13Eleonora “Nora” Tadolini

Posto Ristoro

Castenaso (Bo)

Fuori dagli schemi: Posto Ristoro riflette la personalità di Nora, che ha puntato - per il suo esordio da imprenditrice - su un luogo che sia insieme spiazzante e accogliente. Dove l’accoglienza in primo luogo riguarda tutto il suo team di lavoro. «Più stiamo bene nel ristorante meglio possiamo accogliere le persone». Decise le scelte in cucina: niente carni di manzo e maiale, spazio alla cacciagione e agli animali da cortile, solo pesce pescato in Adriatico, verdure selezionate da piccoli produttori, vini il più possibile naturali. Le sue parole chiave? Fuori dagli schemi e adesso: «La prima viene della mia storia, che il ristorante rispecchia. La seconda dalla necessità di agire ogni giorno, per realizzare una sostenibilità prima di tutto economica, poi ambientale nel senso più ampio».

14Andrea Tambelli

I’Ciocio
Suvereto (Li)

Andrea Tambelli è il sommelier e braccio destro dello chef Fabrizio Caponi, stella verde al’osteria I’Ciocio di Suvereto: «Sostenibilità è una rete di connessioni che parte dai professionisti, e dev’essere trasmessa ai consumatori - dice -. A I’Ciocio seguiamo una filosofia di rispetto per l’ambiente che ci ospita, e più in generale di abbattimento della filiera lunga: la sostenibilità inizia con l’approvvigionamento da fornitori di prossimità. È importante permettere a produttori piccoli, che sposino una linea naturale, di farsi apprezzare e di conseguenza di essere gratificati come meritano. Prima ancora di un ristorante, è l’intero sistema che dev’essere sostenibile specialmente da un punto di vista economico: se un fornitore non riceve quello che merita il resto della catena ne soffrirà».

15Lucia Tellone

Il giardino dello Sporting

Messina

Al giardino dello Sporting, a Messina, la cucina è “ancestrale”: solo cotture con il fuoco, con il forno a legna o a carbone.
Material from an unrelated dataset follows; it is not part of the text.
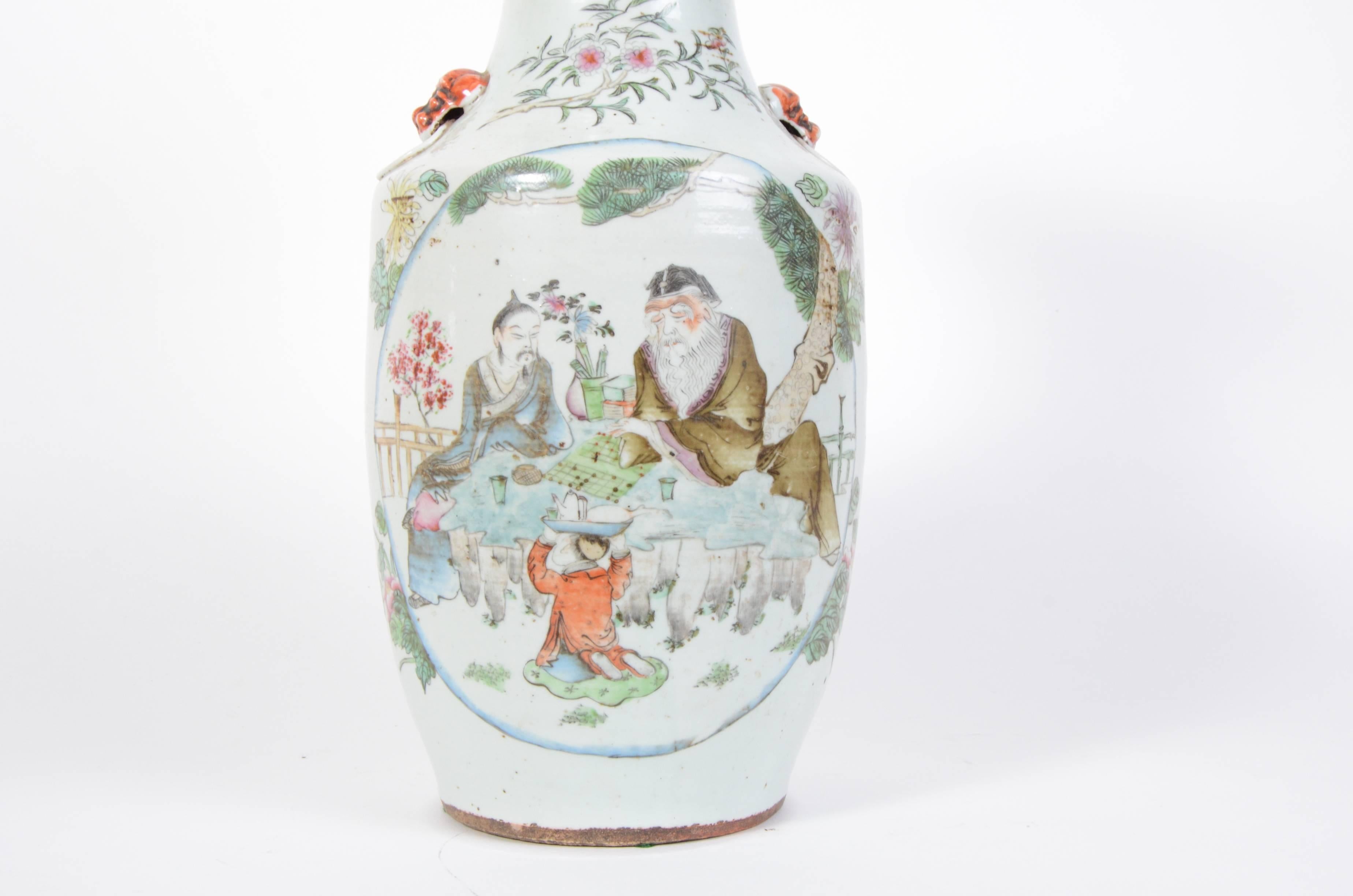 A late 19th century Chinese export porcelain vase. This polychromed scene depicts two-seat scholars or elders with a young servant.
E attorno al fuoco la chef Lucia Tellone raccoglie - in senso metaforico - il suo team di giovani infondendo calore e visione. «Il contatto con la natura, con le stagioni, con la terra è la base del nostro lavoro. Il nostro compito è trasmetterne l’importanza e il valore ai ragazzi che oggi si affacciano a questa professione, spesso abbagliati dalla visione distorta che gli viene dalla televisione. Dobbiamo aver chiaro l’obiettivo della sostenibilità e il percorso da compiere per raggiungerlo. E saperlo trasmettere a tutta la squadra, che va coinvolta e fatta appassionare. Il leader, in primis, deve ragionare in termini di soluzioni: un problema esiste perché esiste una soluzione».

16Marco Tomberli

Osteria l’Artusino

Cerbaia (Fi)

«Recuperare il passato, lavorare con coscienza, calarsi nella comunità di cui fai parte, creare rapporti con i contadini e gli allevatori della zona». Esordisce così lo chef e patron Marco Tomberli, che non nasconde come la sua idea di sostenibilità sia quasi del tutto centrata sulla territorialità della cucina (e quindi delle materie prime, dalle verdure alla cantina, dove spiccano etichette toscane, per non dire della zona adiacente). «Se vogliamo perseguire la sostenibilità, cominciando in cucina - dice Tomberli – dobbiamo ribaltare l’idea del menu, ovvero non proporre quello che vorremmo, ma proporre quello che si trova al mercato, modificando la proposta in base a quello che offre il territorio e la stagione in quel dato momento». La filiera corta, insomma, è la base da cui partire per creare una sostenibilità non solo ambientale, ma anche territoriale. «Il rapporto con la comunità, soprattutto quando operi in piccoli paesi, è fondamentale - conclude Toberli».